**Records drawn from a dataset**
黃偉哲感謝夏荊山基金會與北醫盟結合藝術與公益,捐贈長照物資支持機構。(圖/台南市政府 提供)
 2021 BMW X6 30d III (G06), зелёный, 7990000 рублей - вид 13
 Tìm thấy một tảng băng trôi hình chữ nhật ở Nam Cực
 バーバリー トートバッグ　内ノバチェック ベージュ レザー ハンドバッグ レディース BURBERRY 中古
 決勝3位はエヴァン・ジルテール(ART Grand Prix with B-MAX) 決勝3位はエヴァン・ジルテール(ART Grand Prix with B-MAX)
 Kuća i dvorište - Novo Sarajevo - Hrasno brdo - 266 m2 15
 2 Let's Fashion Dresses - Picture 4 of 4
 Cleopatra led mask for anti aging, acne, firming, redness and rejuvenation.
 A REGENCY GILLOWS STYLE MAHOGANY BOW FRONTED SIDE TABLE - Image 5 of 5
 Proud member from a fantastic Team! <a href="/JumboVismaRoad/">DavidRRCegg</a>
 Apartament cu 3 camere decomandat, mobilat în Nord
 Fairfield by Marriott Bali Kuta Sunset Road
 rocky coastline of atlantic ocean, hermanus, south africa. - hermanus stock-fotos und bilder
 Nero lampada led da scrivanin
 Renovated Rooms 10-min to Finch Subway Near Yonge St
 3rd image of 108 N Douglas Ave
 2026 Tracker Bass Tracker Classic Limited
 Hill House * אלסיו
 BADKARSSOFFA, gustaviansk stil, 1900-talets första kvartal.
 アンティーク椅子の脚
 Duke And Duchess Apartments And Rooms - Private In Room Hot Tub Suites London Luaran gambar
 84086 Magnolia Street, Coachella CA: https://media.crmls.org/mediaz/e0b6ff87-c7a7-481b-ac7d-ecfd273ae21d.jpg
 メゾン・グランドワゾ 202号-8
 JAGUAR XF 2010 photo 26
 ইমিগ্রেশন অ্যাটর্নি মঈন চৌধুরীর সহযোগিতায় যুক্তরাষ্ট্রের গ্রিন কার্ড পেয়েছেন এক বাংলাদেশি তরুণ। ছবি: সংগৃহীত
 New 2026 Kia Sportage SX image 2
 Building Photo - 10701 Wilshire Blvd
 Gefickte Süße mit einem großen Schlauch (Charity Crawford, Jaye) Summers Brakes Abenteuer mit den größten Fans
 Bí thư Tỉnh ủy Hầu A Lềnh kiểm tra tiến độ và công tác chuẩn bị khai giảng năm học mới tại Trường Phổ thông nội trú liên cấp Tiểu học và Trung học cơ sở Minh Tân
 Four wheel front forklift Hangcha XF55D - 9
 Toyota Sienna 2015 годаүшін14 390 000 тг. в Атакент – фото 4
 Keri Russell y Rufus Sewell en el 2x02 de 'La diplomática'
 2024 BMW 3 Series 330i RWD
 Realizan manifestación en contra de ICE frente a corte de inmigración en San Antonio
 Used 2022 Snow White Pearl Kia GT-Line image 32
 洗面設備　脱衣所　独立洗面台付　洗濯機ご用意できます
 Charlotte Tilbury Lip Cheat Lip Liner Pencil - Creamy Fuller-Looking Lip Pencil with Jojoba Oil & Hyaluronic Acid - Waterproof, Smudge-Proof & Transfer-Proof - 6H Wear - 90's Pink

**Activity**
From the first line to the last, repeat the records exactly.

**Reply to the exercise**
黃偉哲感謝夏荊山基金會與北醫盟結合藝術與公益,捐贈長照物資支持機構。(圖/台南市政府 提供)
 2021 BMW X6 30d III (G06), зелёный, 7990000 рублей - вид 13
 Tìm thấy một tảng băng trôi hình chữ nhật ở Nam Cực
 バーバリー トートバッグ　内ノバチェック ベージュ レザー ハンドバッグ レディース BURBERRY 中古
 決勝3位はエヴァン・ジルテール(ART Grand Prix with B-MAX) 決勝3位はエヴァン・ジルテール(ART Grand Prix with B-MAX)
 Kuća i dvorište - Novo Sarajevo - Hrasno brdo - 266 m2 15
 2 Let's Fashion Dresses - Picture 4 of 4
 Cleopatra led mask for anti aging, acne, firming, redness and rejuvenation.
 A REGENCY GILLOWS STYLE MAHOGANY BOW FRONTED SIDE TABLE - Image 5 of 5
 Proud member from a fantastic Team! <a href="/JumboVismaRoad/">DavidRRCegg</a>
 Apartament cu 3 camere decomandat, mobilat în Nord
 Fairfield by Marriott Bali Kuta Sunset Road
 rocky coastline of atlantic ocean, hermanus, south africa. - hermanus stock-fotos und bilder
 Nero lampada led da scrivanin
 Renovated Rooms 10-min to Finch Subway Near Yonge St
 3rd image of 108 N Douglas Ave
 2026 Tracker Bass Tracker Classic Limited
 Hill House * אלסיו
 BADKARSSOFFA, gustaviansk stil, 1900-talets första kvartal.
 アンティーク椅子の脚
 Duke And Duchess Apartments And Rooms - Private In Room Hot Tub Suites London Luaran gambar
 84086 Magnolia Street, Coachella CA: https://media.crmls.org/mediaz/e0b6ff87-c7a7-481b-ac7d-ecfd273ae21d.jpg
 メゾン・グランドワゾ 202号-8
 JAGUAR XF 2010 photo 26
 ইমিগ্রেশন অ্যাটর্নি মঈন চৌধুরীর সহযোগিতায় যুক্তরাষ্ট্রের গ্রিন কার্ড পেয়েছেন এক বাংলাদেশি তরুণ। ছবি: সংগৃহীত
 New 2026 Kia Sportage SX image 2
 Building Photo - 10701 Wilshire Blvd
 Gefickte Süße mit einem großen Schlauch (Charity Crawford, Jaye) Summers Brakes Abenteuer mit den größten Fans
 Bí thư Tỉnh ủy Hầu A Lềnh kiểm tra tiến độ và công tác chuẩn bị khai giảng năm học mới tại Trường Phổ thông nội trú liên cấp Tiểu học và Trung học cơ sở Minh Tân
 Four wheel front forklift Hangcha XF55D - 9
 Toyota Sienna 2015 годаүшін14 390 000 тг. в Атакент – фото 4
 Keri Russell y Rufus Sewell en el 2x02 de 'La diplomática'
 2024 BMW 3 Series 330i RWD
 Realizan manifestación en contra de ICE frente a corte de inmigración en San Antonio
 Used 2022 Snow White Pearl Kia GT-Line image 32
 洗面設備　脱衣所　独立洗面台付　洗濯機ご用意できます
 Charlotte Tilbury Lip Cheat Lip Liner Pencil - Creamy Fuller-Looking Lip Pencil with Jojoba Oil & Hyaluronic Acid - Waterproof, Smudge-Proof & Transfer-Proof - 6H Wear - 90's Pink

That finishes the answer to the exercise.